---------- ENTRIES SHOWN ----------

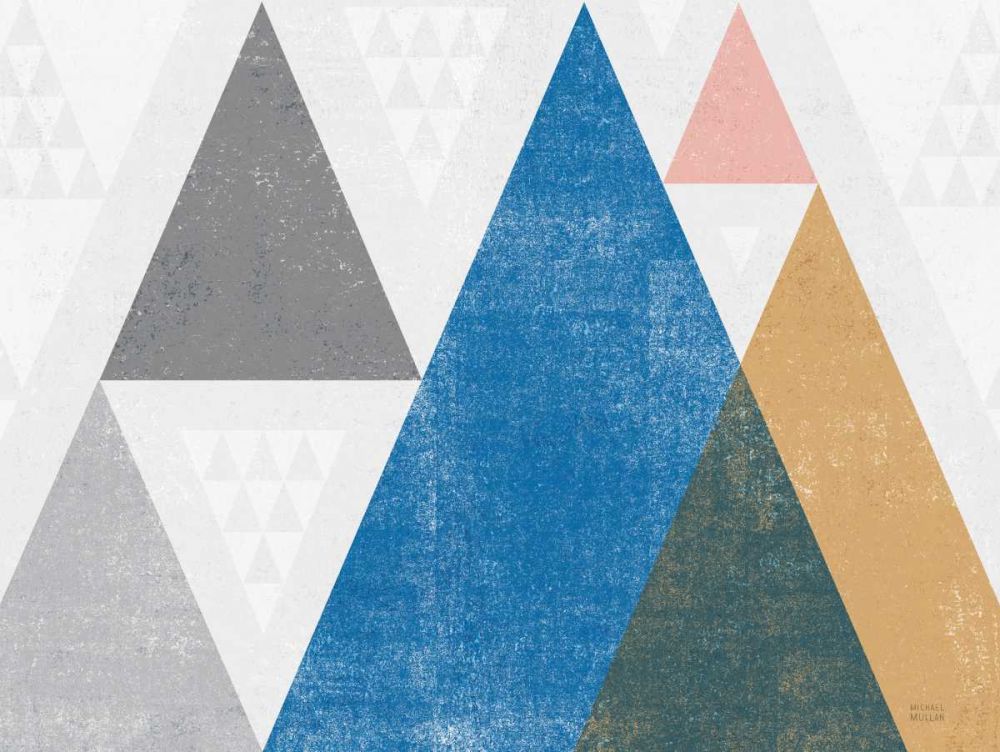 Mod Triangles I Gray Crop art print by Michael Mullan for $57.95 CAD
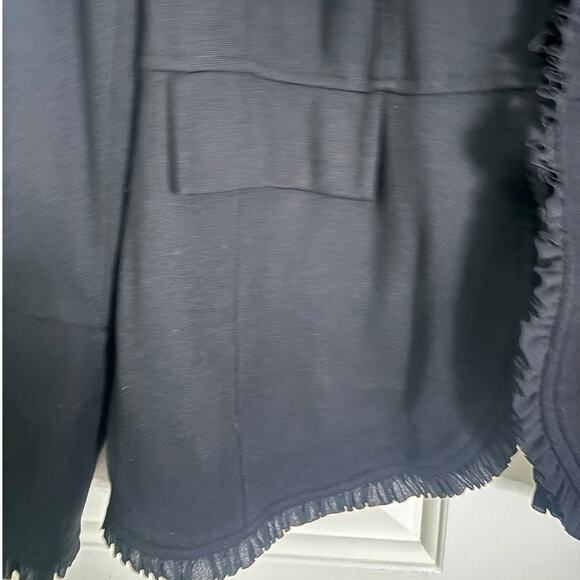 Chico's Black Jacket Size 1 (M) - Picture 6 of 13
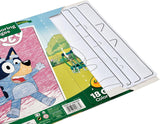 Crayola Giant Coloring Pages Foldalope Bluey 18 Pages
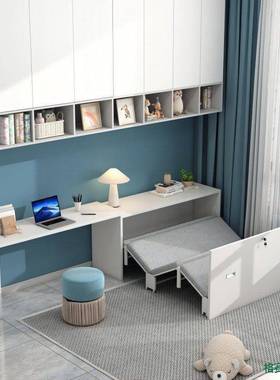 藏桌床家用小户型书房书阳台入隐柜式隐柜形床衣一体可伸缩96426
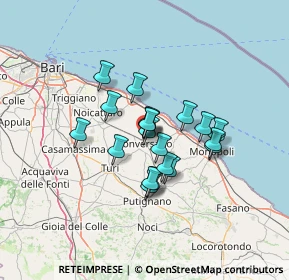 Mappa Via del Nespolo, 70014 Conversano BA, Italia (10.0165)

----------
---------- ENTRIES SHOWN ----------

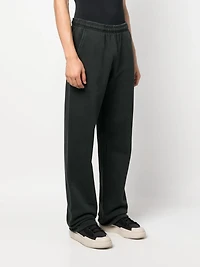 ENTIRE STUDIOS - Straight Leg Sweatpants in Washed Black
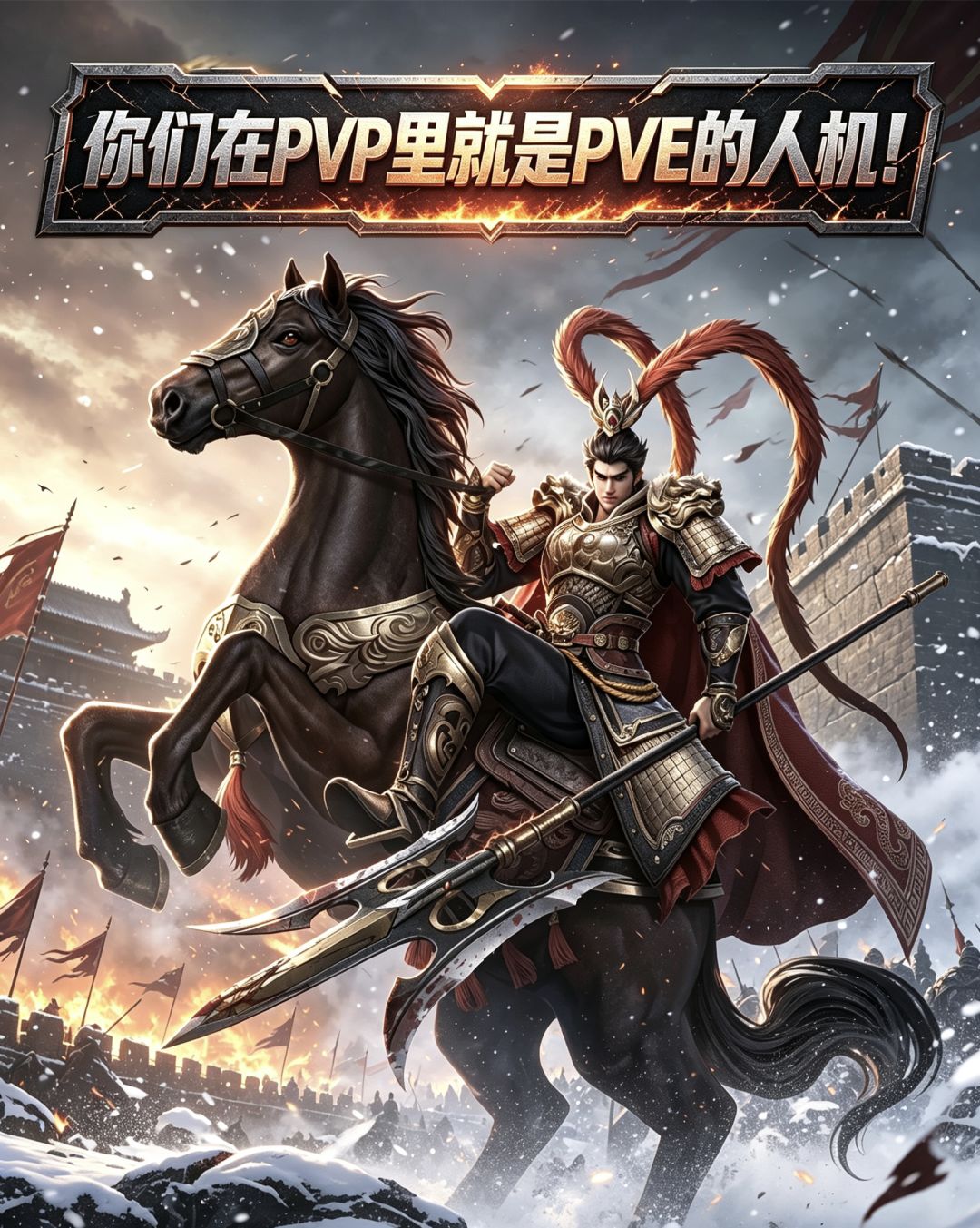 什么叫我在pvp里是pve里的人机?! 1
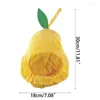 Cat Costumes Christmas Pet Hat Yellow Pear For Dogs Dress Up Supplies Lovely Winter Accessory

----------
---------- ENTRIES SHOWN ----------

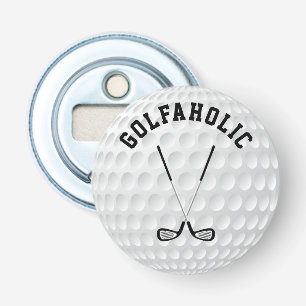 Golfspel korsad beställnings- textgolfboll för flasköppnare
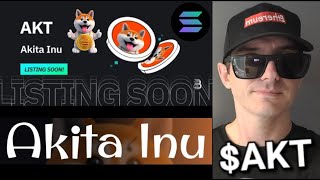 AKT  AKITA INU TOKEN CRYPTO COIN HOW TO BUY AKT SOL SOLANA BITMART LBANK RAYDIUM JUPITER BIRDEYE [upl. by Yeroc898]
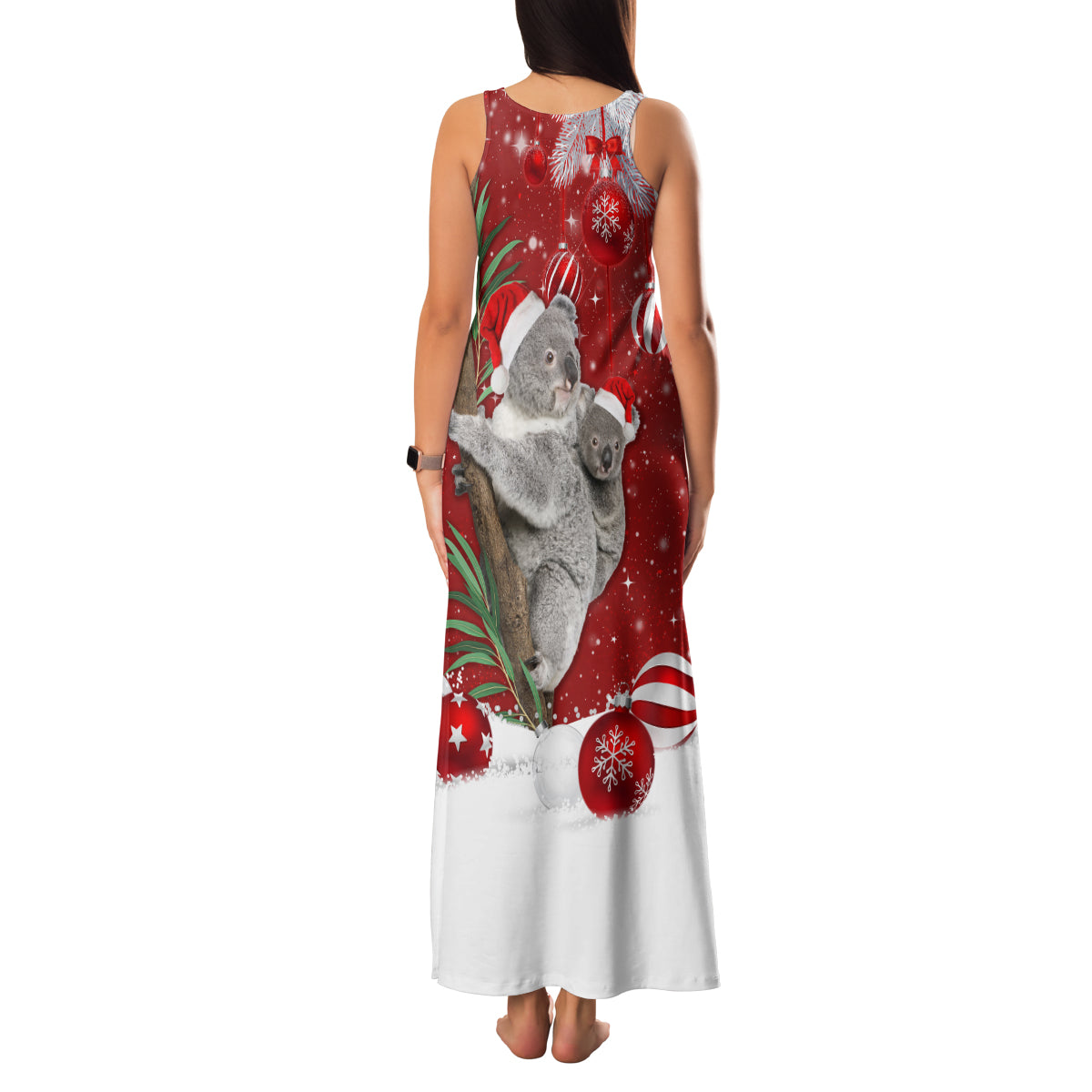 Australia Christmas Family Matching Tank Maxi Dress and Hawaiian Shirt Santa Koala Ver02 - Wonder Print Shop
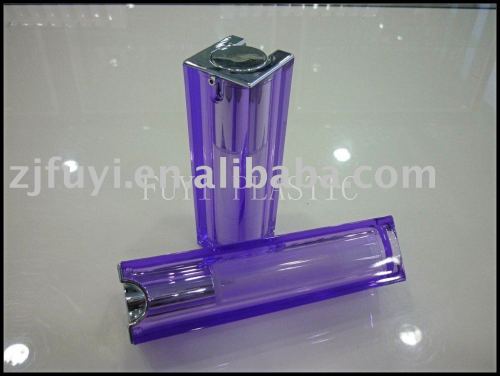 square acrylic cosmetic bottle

----------

Respond with the exact lines above running from the one containing "Mod Triangles I" to the one containing "Mappa Via del", both ends kept and no pictures included.

 Mod Triangles I Gray Crop art print by Michael Mullan for $57.95 CAD
 Chico's Black Jacket Size 1 (M) - Picture 6 of 13
 Crayola Giant Coloring Pages Foldalope Bluey 18 Pages
 藏桌床家用小户型书房书阳台入隐柜式隐柜形床衣一体可伸缩96426
 Mappa Via del Nespolo, 70014 Conversano BA, Italia (10.0165)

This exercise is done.